§ Study material:
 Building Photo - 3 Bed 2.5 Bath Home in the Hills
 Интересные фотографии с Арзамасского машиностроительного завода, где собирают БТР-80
* * *
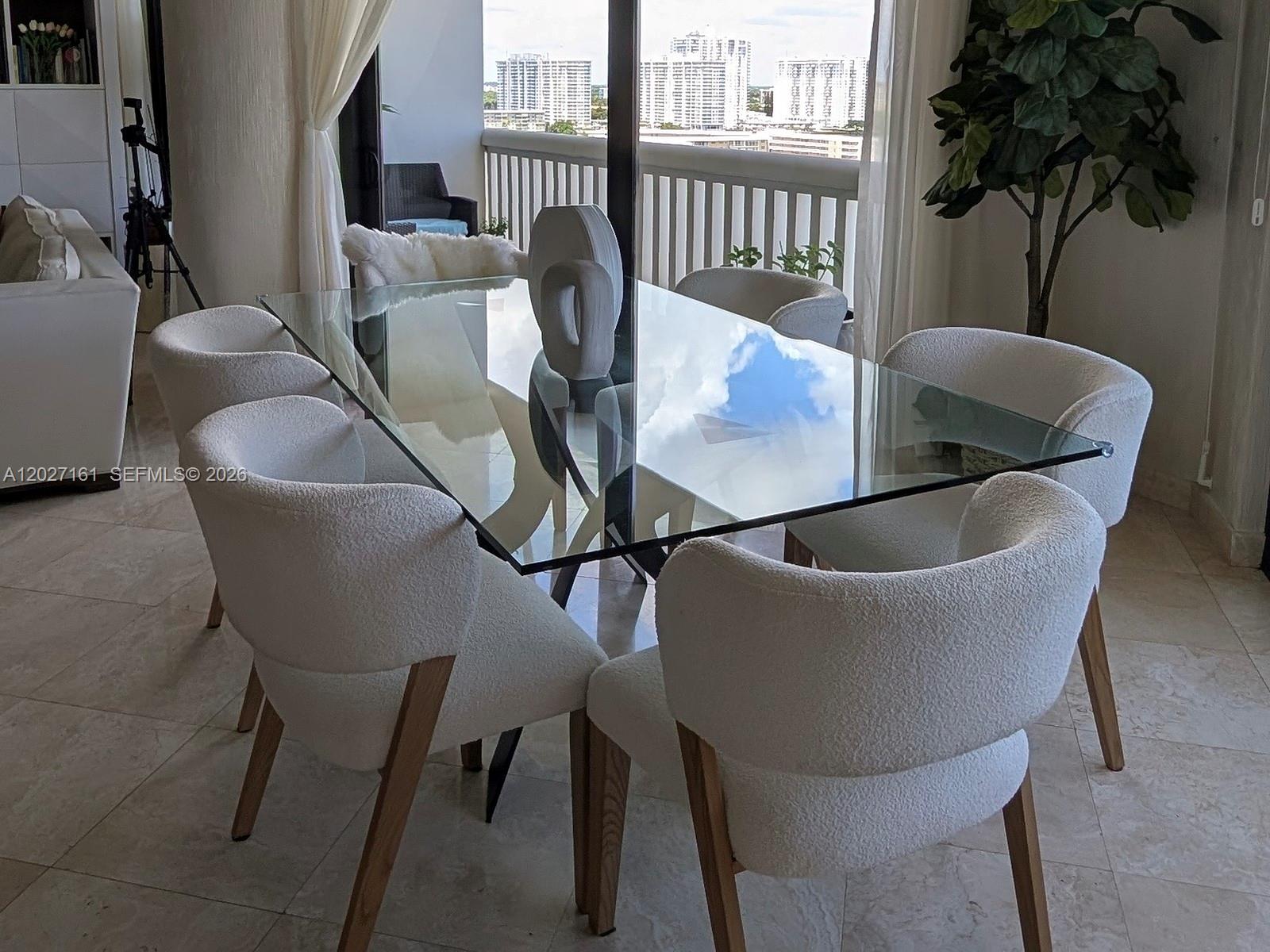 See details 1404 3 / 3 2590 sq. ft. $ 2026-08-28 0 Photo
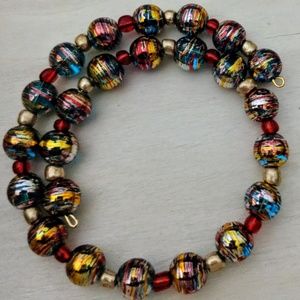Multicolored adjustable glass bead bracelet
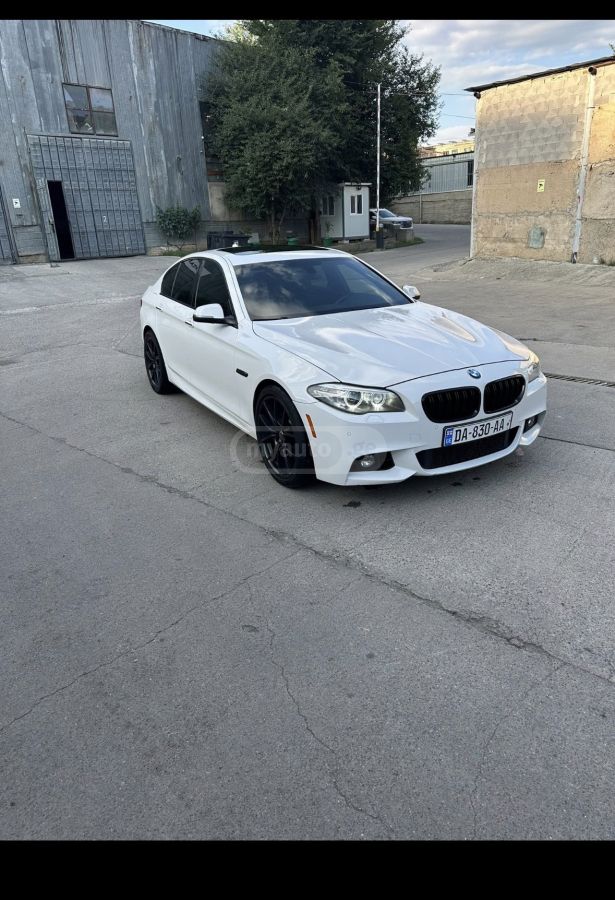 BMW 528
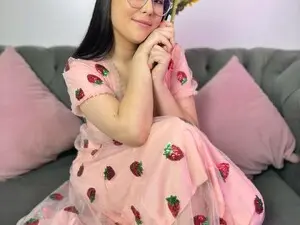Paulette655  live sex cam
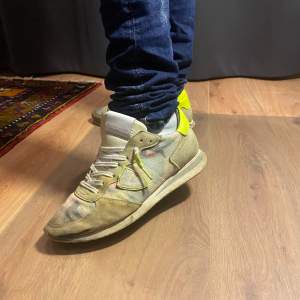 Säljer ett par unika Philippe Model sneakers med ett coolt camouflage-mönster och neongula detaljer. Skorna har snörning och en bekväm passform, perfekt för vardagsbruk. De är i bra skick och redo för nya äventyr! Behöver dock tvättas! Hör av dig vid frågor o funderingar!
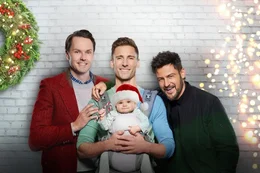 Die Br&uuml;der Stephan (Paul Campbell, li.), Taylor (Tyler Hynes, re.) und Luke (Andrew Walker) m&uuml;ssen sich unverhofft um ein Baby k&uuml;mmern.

§ Task statement: Reproduce exactly, and only, the part of the listing above that begins at the line with "Building Photo - 3" and goes on through the line with "Интересные фотографии с".

§ Solution:
 Building Photo - 3 Bed 2.5 Bath Home in the Hills
 Интересные фотографии с Арзамасского машиностроительного завода, где собирают БТР-80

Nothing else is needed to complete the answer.